Calton stepped towards the door, followed by the detective, when Mother Guttersnipe rose.
“Where’s the money for finin’ her?” she screeched, pointing one skinny finger at Sal.
“Well, considering the girl found herself,” said Calton, dryly, “the money is in the bank, and will remain there.”
“An’ I’m to be done out of my ’ard earned tin, s’elp me?” howled the old fury. “Cuss ye, I’ll ’ave the lawr of ye, and get ye put in quod.”
“You’ll go there yourself if you don’t take care,” said Kilsip, in his soft, purring tones.
“Yah!” shrieked Mother Guttersnipe, snapping her fingers at him. “What do I care about yer quod? Ain’t I bin in Pentrig’, an’ it ain’t ’urt me, it ain’t? I’m as lively as a gal, I am.”

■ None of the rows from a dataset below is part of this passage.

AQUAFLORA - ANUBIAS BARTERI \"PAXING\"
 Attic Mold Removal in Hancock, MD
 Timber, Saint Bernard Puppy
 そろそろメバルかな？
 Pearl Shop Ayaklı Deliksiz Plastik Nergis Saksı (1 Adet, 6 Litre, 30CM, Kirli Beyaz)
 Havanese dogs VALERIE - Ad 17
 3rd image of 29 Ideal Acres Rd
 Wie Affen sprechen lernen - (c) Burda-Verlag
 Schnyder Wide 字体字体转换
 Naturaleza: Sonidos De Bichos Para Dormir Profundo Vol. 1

And the old fury, to prove the truth of her words, danced a kind of war dance in front of Mr. Calton, snapping her fingers and yelling out curses, as an accompaniment to her ballet. Her luxurious white hair streamed out during her gyrations, and with her grotesque appearance and the faint light of the candle, she presented a gruesome spectacle.
Calton remembered the tales he had heard of the women of Paris, at the revolution, and the way they danced “La Carmagnole.” Mother Guttersnipe would have been in her element in that sea of blood and turbulence he thought. But he merely shrugged his shoulders, and walked out of the room, as with a final curse, delivered in a hoarse voice, Mother Guttersnipe sank exhausted on the floor, and yelled for gin.